Holley v. HuntAnnotate this Case
ULYSSES G. HOLLEY, Respondent, v. E. H. HUNT et al., Appellants.
Bryan Woodson for Appellants.
Halverson & Halverson for Respondent.
Gould, J., pro tem.
Plaintiff, inventor of a "metal toe protector" for which application for letters patent had been made, brought this action for declaratory relief to determine the rights of plaintiff and defendants under an agreement by which the latter had been manufacturing the article for plaintiff. Injunctive relief also was asked to prevent defendants from further making or selling the device. Judgment went for plaintiff and defendants appeal on questions of law alone. Although appellants cite eleven different respects in which they claim the trial court erred in its decision, the questions involved may be discussed under a very few headings.
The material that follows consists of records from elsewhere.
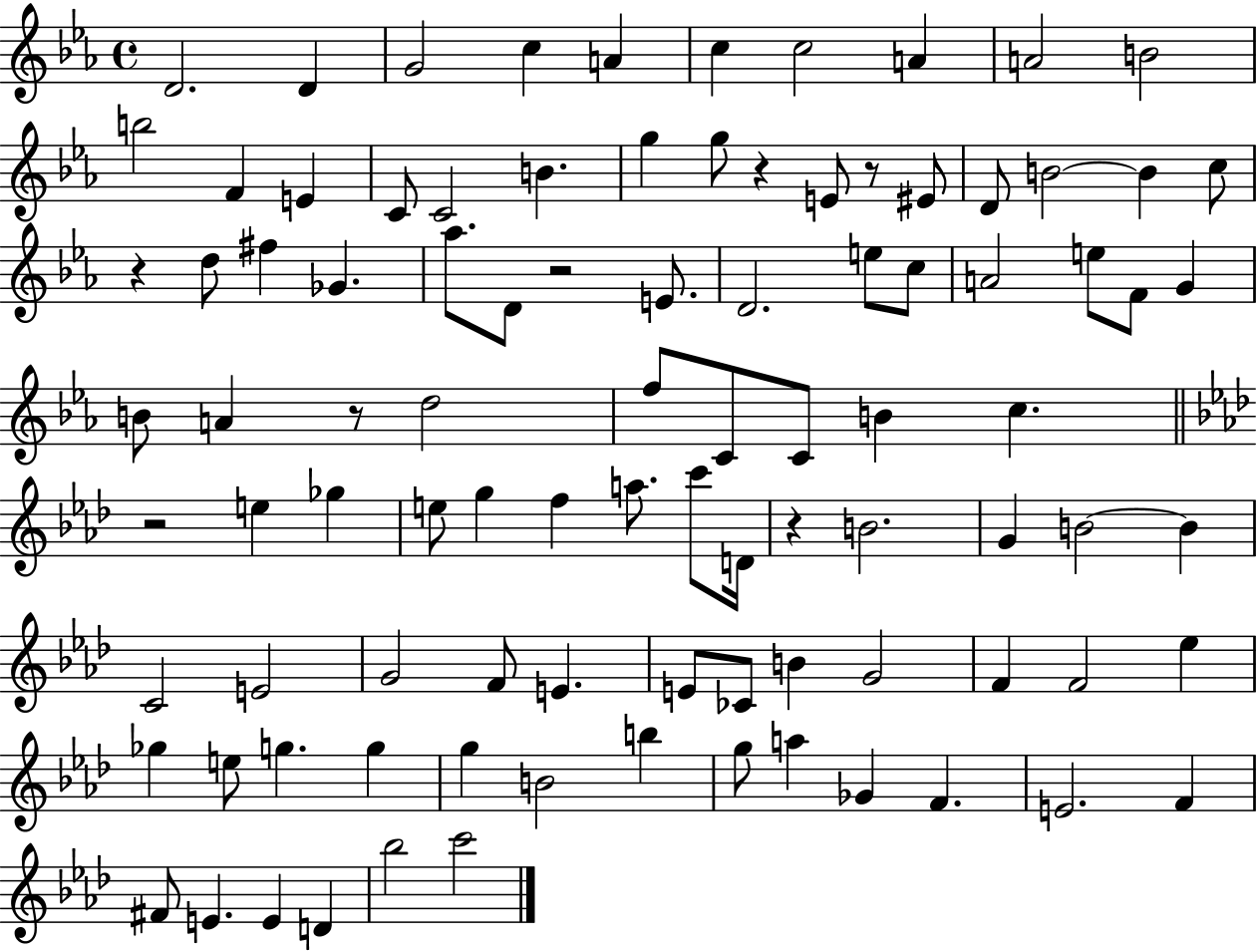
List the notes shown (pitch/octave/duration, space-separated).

D4/h. D4/q G4/h C5/q A4/q C5/q C5/h A4/q A4/h B4/h B5/h F4/q E4/q C4/e C4/h B4/q. G5/q G5/e R/q E4/e R/e EIS4/e D4/e B4/h B4/q C5/e R/q D5/e F#5/q Gb4/q. Ab5/e. D4/e R/h E4/e. D4/h. E5/e C5/e A4/h E5/e F4/e G4/q B4/e A4/q R/e D5/h F5/e C4/e C4/e B4/q C5/q. R/h E5/q Gb5/q E5/e G5/q F5/q A5/e. C6/e D4/s R/q B4/h. G4/q B4/h B4/q C4/h E4/h G4/h F4/e E4/q. E4/e CES4/e B4/q G4/h F4/q F4/h Eb5/q Gb5/q E5/e G5/q. G5/q G5/q B4/h B5/q G5/e A5/q Gb4/q F4/q. E4/h. F4/q F#4/e E4/q. E4/q D4/q Bb5/h C6/h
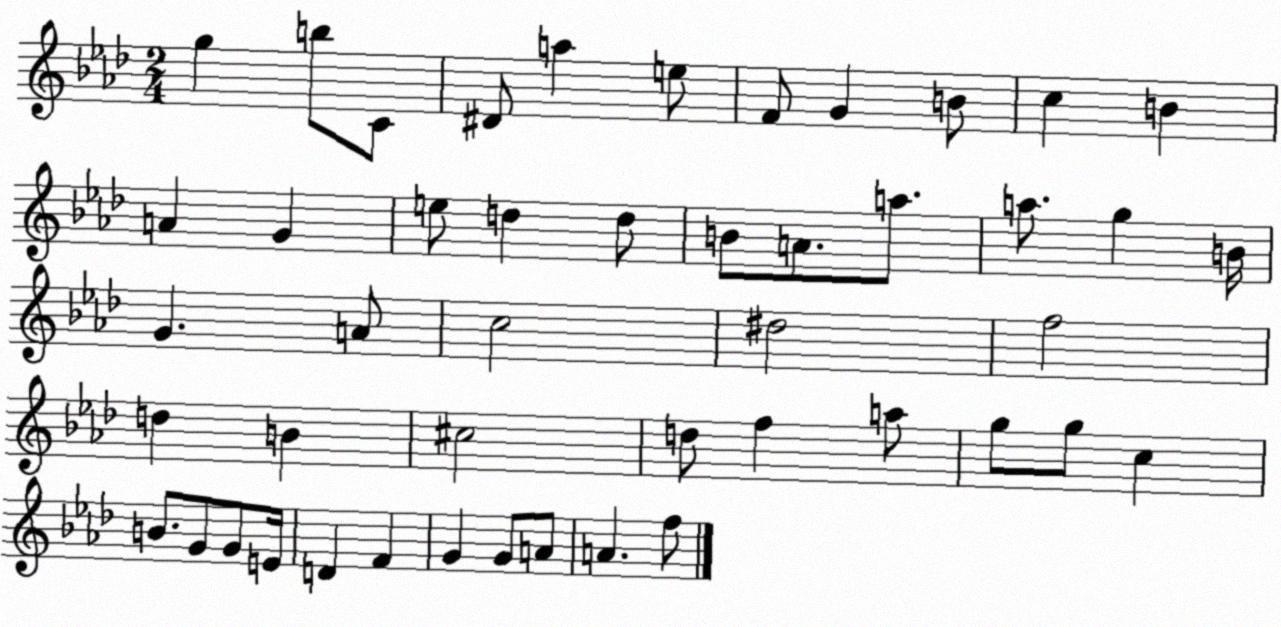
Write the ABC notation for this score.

X:1
T:Untitled
M:2/4
L:1/4
K:Ab
g b/2 C/2 ^D/2 a e/2 F/2 G B/2 c B A G e/2 d d/2 B/2 A/2 a/2 a/2 g B/4 G A/2 c2 ^d2 f2 d B ^c2 d/2 f a/2 g/2 g/2 c B/2 G/2 G/2 E/4 D F G G/2 A/2 A f/2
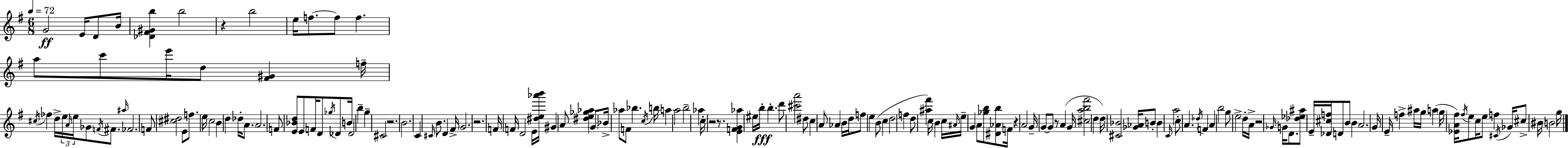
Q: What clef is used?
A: treble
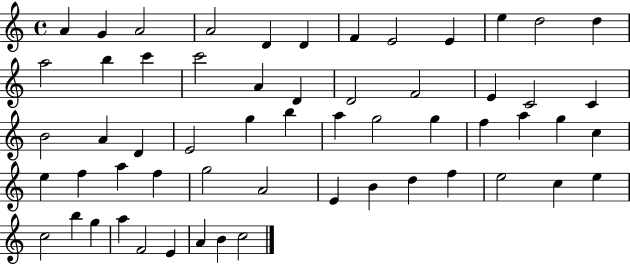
X:1
T:Untitled
M:4/4
L:1/4
K:C
A G A2 A2 D D F E2 E e d2 d a2 b c' c'2 A D D2 F2 E C2 C B2 A D E2 g b a g2 g f a g c e f a f g2 A2 E B d f e2 c e c2 b g a F2 E A B c2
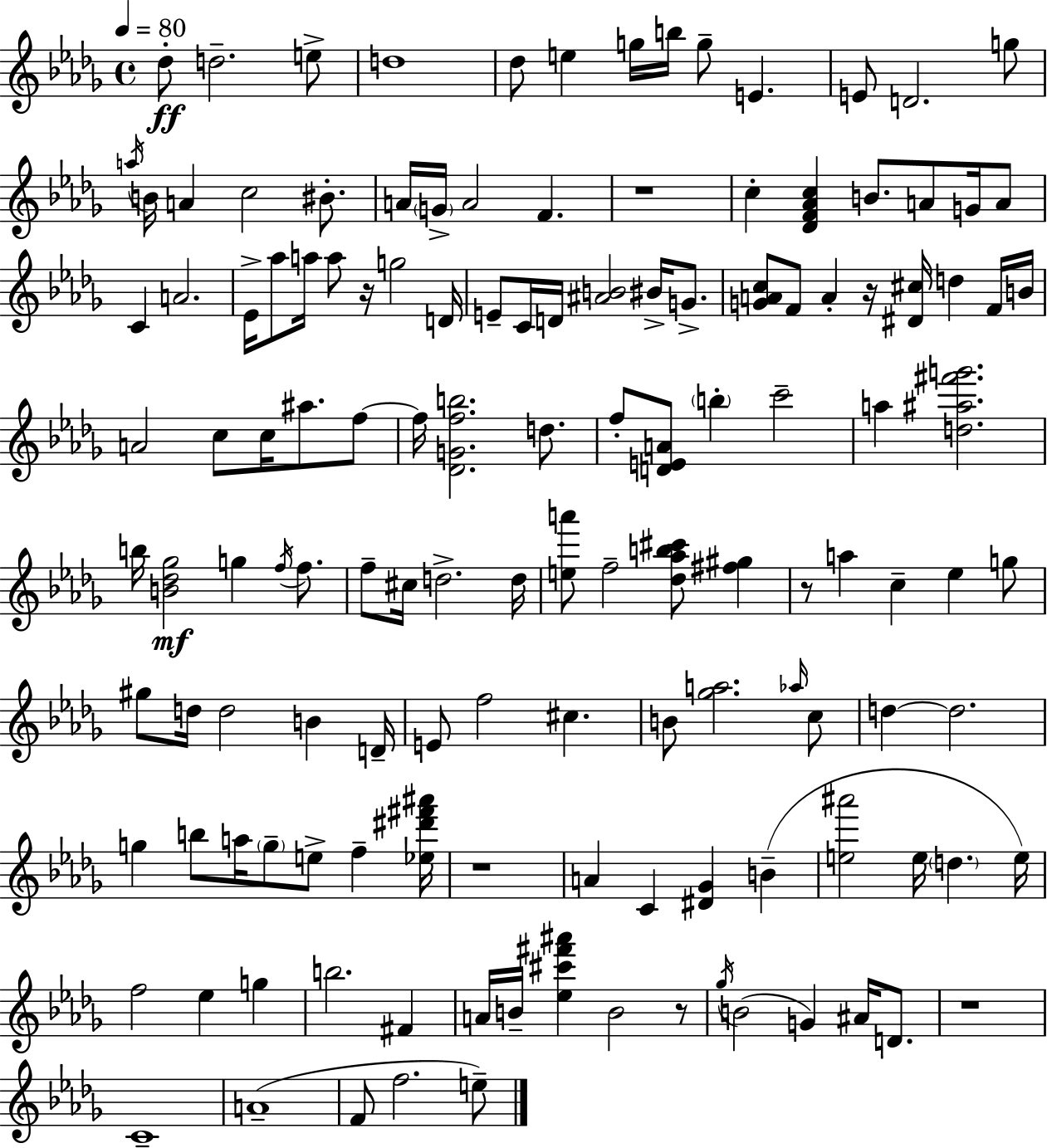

 It is not necessary, as contended by appellants, that this action, affecting as it does an article for which patent application was pending, should be brought in the federal courts. Exclusive jurisdiction of suits arising under patent laws is committed to the federal courts, but the action before us does not in any sense involve any question arising under the patent laws or any infringement of a patent. It is simply a controversy to prevent appellants from wrongfully using to their own advantage and to respondent's detriment information and ideas which they had received from the latter while manufacturing the metal toe protectors for him. Such an action, to prevent appellants from using information acquired through their confidential business arrangement with respondent, was properly brought in the superior court, which [13 Cal. App. 2d 337] is clothed with jurisdiction in such a case. (Harlow v. Feder, 89 Cal. App. 435 [264 P. 782].)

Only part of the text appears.